Location and Topography
Rochdale metropolitan borough lies in the extreme north east of Greater Manchester and is primarily an upland district. The moorland in the north and east is between 200 and 400 metres above sea level (asl), reaching its high point of 472 m asl near the dramatic millstone grit escarpment of Blackstone Edge.
A significant part of the South Pennine Moors Special Protection Area (SPA) lies within Rochdale. The borough contains over 80% of the county's blanket bog (a UK BAP priority habitat). It also supports over 90% of the wet modified bog and more than half of the acidic flush habitat. The moorland also contains significant areas of bracken, the highest proportion of any GM district.
The high rainfall associated with the western Pennine edge is channelled into numerous reservoirs, some of which are at high altitude.
In the west of the borough there are important areas of semi-natural broadleaved woodland, such as Ashworth Valley, occupying the cloughs running down off the uplands.
The River Roch has its source high up on the moors and flows south-west through the borough, providing an important wildlife corridor through the urban areas.
Certain stretches of the Rochdale Canal have been designated as a Site of Special Scientific Interest (SSSI) and a Special Area for Conservation (SAC). A high proportion of Greater Manchester's grassland is found in Rochdale, with more than a third of the county's unimproved acid grassland and nearly 60% of the marsh/marshy grassland.
The South Pennine Moors SPA supports nationally important upland breeding bird populations including Curlew, Dunlin, Golden Plover, Red Grouse and Twite. There are extensive areas of heather.

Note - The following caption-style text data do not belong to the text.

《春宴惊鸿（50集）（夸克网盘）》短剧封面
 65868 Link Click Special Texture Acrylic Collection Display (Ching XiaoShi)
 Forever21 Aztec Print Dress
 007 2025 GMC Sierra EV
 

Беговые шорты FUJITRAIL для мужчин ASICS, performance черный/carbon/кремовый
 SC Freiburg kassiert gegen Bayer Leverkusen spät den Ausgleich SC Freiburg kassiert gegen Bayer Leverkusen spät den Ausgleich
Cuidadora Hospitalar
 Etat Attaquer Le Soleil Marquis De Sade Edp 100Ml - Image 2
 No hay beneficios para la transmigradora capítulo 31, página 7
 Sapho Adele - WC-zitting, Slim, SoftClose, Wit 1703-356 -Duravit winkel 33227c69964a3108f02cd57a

Sphagnum and other bog forming mosses occur locally, with the characteristic cotton-grasses which flower in June and July, adding splashes of white to the upland landscape.
Water Voles still maintain a healthy population along some of the brooks.
Roe Deer have increased significantly in numbers over recent years, taking advantage of the new areas of woodland planting.
The number of species of Damselfly and Dragonfly has increased as their ranges expand north, including the elegant Banded Demoiselle which frequents the Roch. A good selection of butterflies can be found, including the Wall Brown which maintains a stronghold on the moorland fringe.
The Rochdale Canal supports the European Protected Species floating water plantain (Luronium natans), as well as American Pond Weed and White-clawed Crayfish.